§ **Problem**
Restate, word for word, the run of lines that starts at the line containing "1. Этап. Баклажаны, фаршированные" and ends with the final line of the listing. Leave pictures out.

§ **Recorded data**
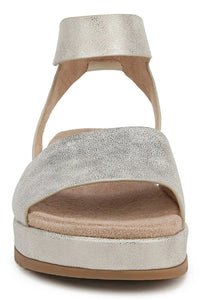 Soul by Naturalizer Womens Deara Platform Flat Sandal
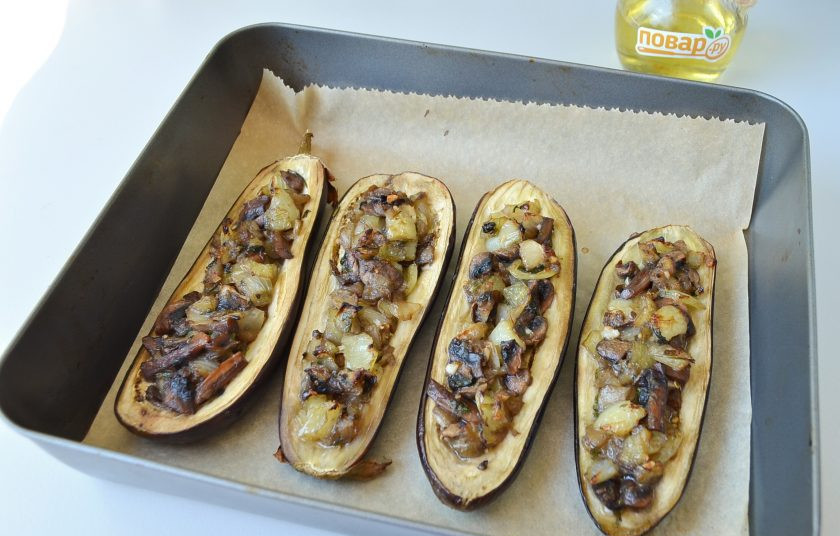 1. Этап. Баклажаны, фаршированные грибами: 7. Баклажаны фаршированные грибами готовы. На этом процесс можно считать завершенным.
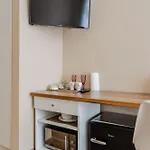 Apartamento Functional And Comfortable Very Berry In By Renters *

§ **Solution**
 1. Этап. Баклажаны, фаршированные грибами: 7. Баклажаны фаршированные грибами готовы. На этом процесс можно считать завершенным.
 Apartamento Functional And Comfortable Very Berry In By Renters *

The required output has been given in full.